Cláusula Décima Oitava - Os empregadores fornecerão gratuitamente as ferramentas necessárias à execução dos serviços, inclusive o Equipamento de Proteção Individual, exigidos pelas Normas de Saúde e Segurança do Trabalho, mediante recibo.

Cláusula Décima Nona - Em caso de acidente que obrigue o empregado ao afastamento, o empregador se obriga a pagar normalmente o salário do empregado até o 15º (décimo quinto) dia de afastamento.
Parágrafo Único - Na falta de fornecimento da Comunicação de Acidente Trabalho - CAT ao INSS, fica o empregador obrigado a efetuar o pagamento integral do salário do trabalhador durante o período de inatividade, independente de anotação da CTPS do trabalhador.

Cláusula Vigésima - Em caso de doença grave ou acidente ocorrido no trabalho fica assegurado o transporte gratuito até o local apropriado para assistência médica necessária, até a prestação dos primeiros socorros.
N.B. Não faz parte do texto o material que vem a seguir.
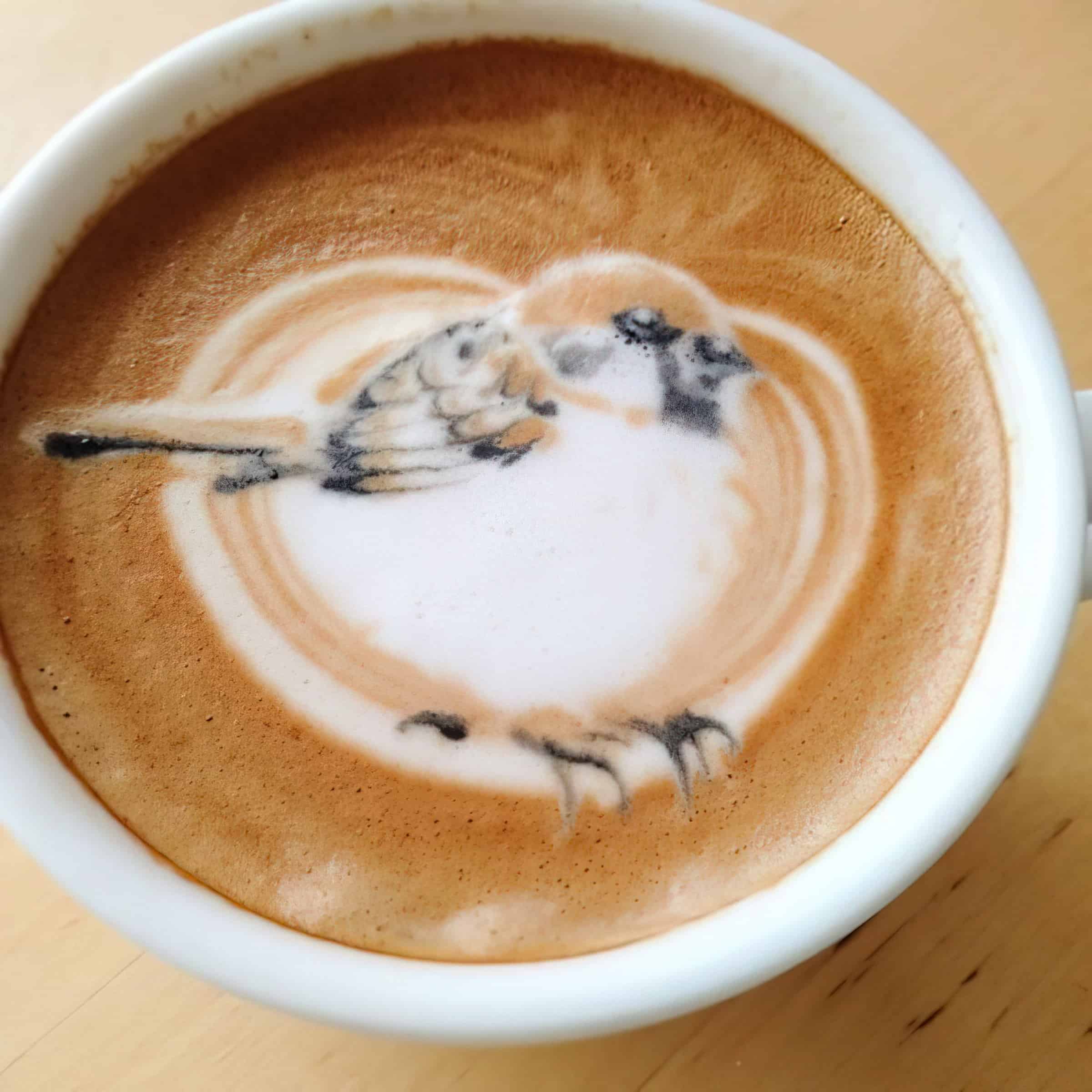 latte art of white bird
Cláusula Vigésima Primeira - Os empregadores deverão manter próximo aos locais de trabalho, equipamentos de primeiros socorros.
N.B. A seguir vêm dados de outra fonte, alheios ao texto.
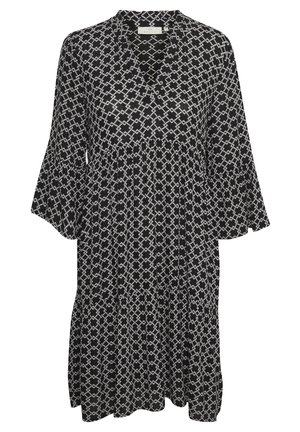 Zwarte midi-jurk met wit geometrisch kettingpatroon, lange uitlopende mouwen, V-halslijn en gelaagde rokdetails.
Cláusula Vigésima Segunda - A presença dos dirigentes sindicais da Federação dos Trabalhadores na Agricultura do Estado do Espírito Santo - FETAES e Sindicato dos Trabalhadores Rurais nos locais de trabalho objetivando averiguar as condições de trabalho e o cumprimento das normas relativas às relações de trabalho e de emprego constantes na legislação específica e nesta Convenção, será permitida, em comum acordo com o proprietário, desde que seja avisado com 24 (vinte e quatro) horas de antecedência, podendo os representantes dos referidos órgãos buscar a solução de eventuais problemas, junto aos empregadores.

Cláusula Vigésima Terceira - Em caso de utilização de trabalho de menores de 18(dezoito) e maiores de 16(dezesseis) anos os empregadores observarão a legislação específica em vigor, notadamente o Estatuto da Criança e do Adolescente, bem como as normas do M T E (Ministério do Trabalho e Emprego).
Parágrafo Único - Fica expressamente proibido o uso e manuseio de defensivos agrícolas, agrotóxicos, bem como o auxílio e operação de máquinas agrícolas.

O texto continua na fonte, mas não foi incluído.